Progress: First Collage Painting

I have been working hard in the studio on my first painting of one of my collages this week and have really progressed with it. I have taken my time and built up layers of paint in glazes to create a painted representation of the original collaged work. The painting combines imagery of natural beauty with imagery of environmental harm, attracting the viewer to the beauty of the land and exposing them to the harm it experiences.

I am confident that my research and glazing and underpainting experimentation has paid off and as a result my painting skill has really improved. I have also learnt to observe more closely and paint what I see rather than what I think I see and to be patient in my approach. The factory smoke, tree stump and pipe water still need a bit of work and I am looking forward to seeing this finished and to progress on to the next one. I am very excited by the prospect of showing a series of these, I feel as if I am working towards my best work to date and I will be very proud of my degree show.

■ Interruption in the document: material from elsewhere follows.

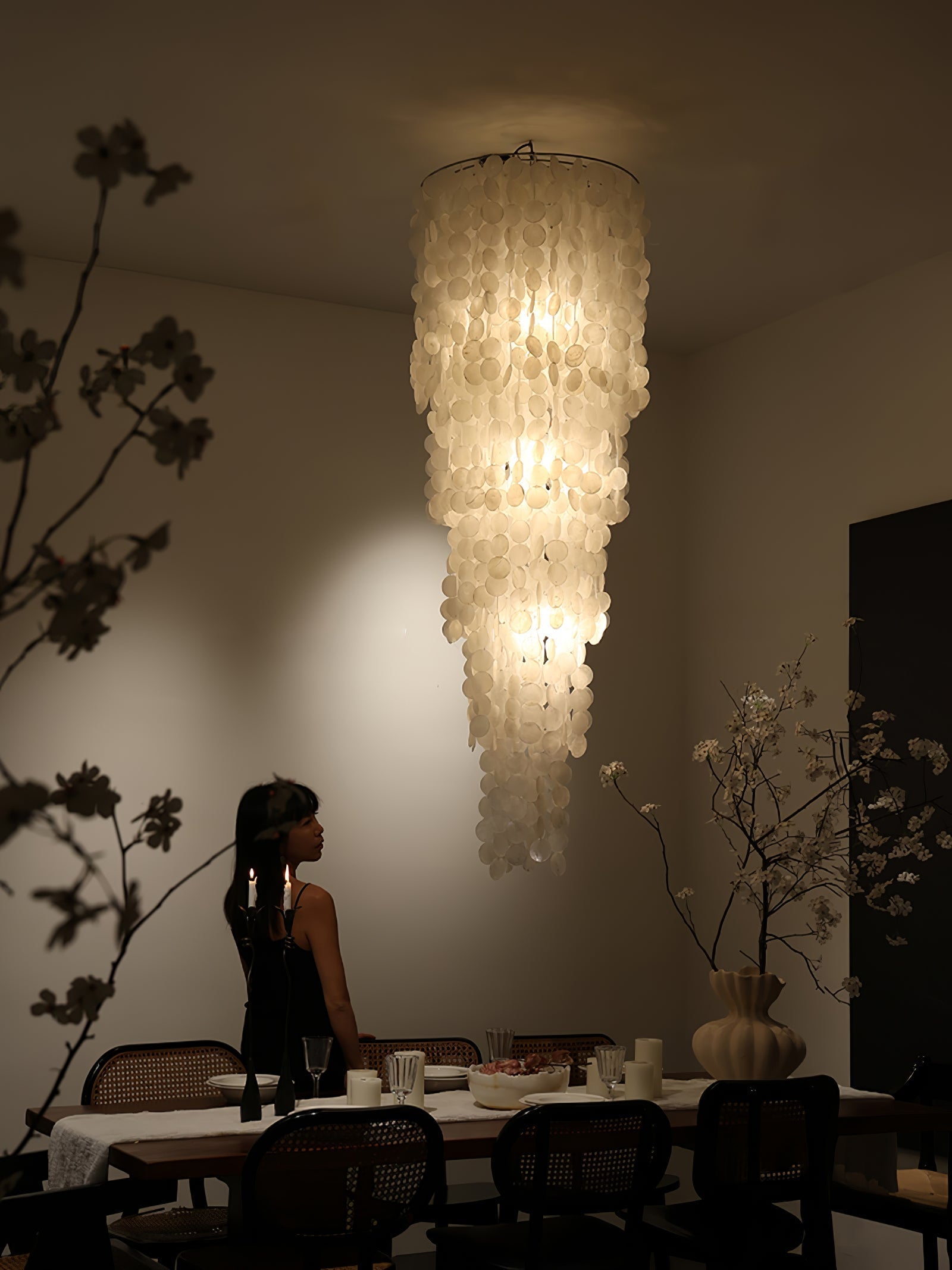 Modern Nerida Shell Chandelier product image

Progress: Painting from Collages

I am making progress on my first painting from one of my collages, I am working out the technique of glazing and layering up paint as I go along, I think it is going well and if I paint them all to a high standard, I am confident I will have a successful exhibition.

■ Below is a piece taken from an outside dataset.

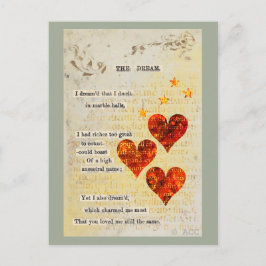 Traumherzen Feiertagspostkarte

I have included an image of my paint palette as I cannot believe how many colours I am mixing to paint such small areas of work. The palette was clean when I started, each layer of paint is a different shade and the cliff area for example has about 9 layers of thin glazes on it, it is exciting to watch the image unfold if not a little bit stressful at the beginning when i’m not sure if the layers are coming together.

I am experiencing some problems along the way but I am overcoming them and developing as I paint. For example, not letting the colour underneath completely dry before applying the next layer is not successful and so I need to be more patient, I may be painting some parts of the piece too detailed in relation to the collage and so I need to make sure I am really observing the initial image. But also, I must remember that my works are paintings, not photographic images and if the colour isn’t exactly the same for example it doesn’t matter, they can be stylized and have artistic license and still be successful both visually and conceptually.  I am satisfied with my progress, I am a little bit concerned about the time scale of getting them finished but hopefully I will get quicker at painting them as I learn the techniques employed better.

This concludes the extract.